> **WORK ORDER**
Which lines run from the line with "Love snow 2022" through the line with "Marché Franprix parmigiano" in the entries below? Print them exactly, both ends included, and nothing more.

> **SOURCE DATA**
——

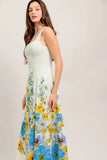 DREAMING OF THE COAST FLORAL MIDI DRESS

——

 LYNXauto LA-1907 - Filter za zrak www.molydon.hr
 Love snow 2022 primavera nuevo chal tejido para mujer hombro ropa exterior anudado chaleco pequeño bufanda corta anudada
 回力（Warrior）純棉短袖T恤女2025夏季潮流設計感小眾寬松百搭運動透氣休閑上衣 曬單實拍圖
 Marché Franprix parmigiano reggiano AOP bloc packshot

——

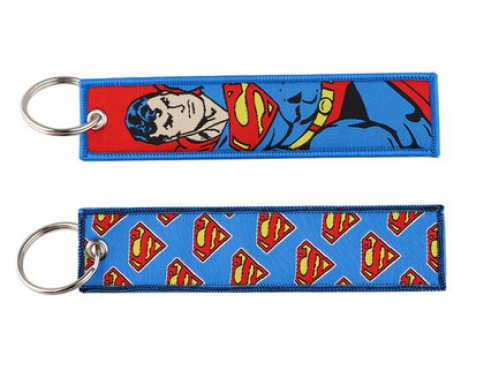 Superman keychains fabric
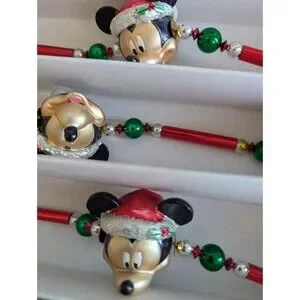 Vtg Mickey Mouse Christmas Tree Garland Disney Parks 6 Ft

——

> **ANSWER TO THE PROBLEM**
 Love snow 2022 primavera nuevo chal tejido para mujer hombro ropa exterior anudado chaleco pequeño bufanda corta anudada
 回力（Warrior）純棉短袖T恤女2025夏季潮流設計感小眾寬松百搭運動透氣休閑上衣 曬單實拍圖
 Marché Franprix parmigiano reggiano AOP bloc packshot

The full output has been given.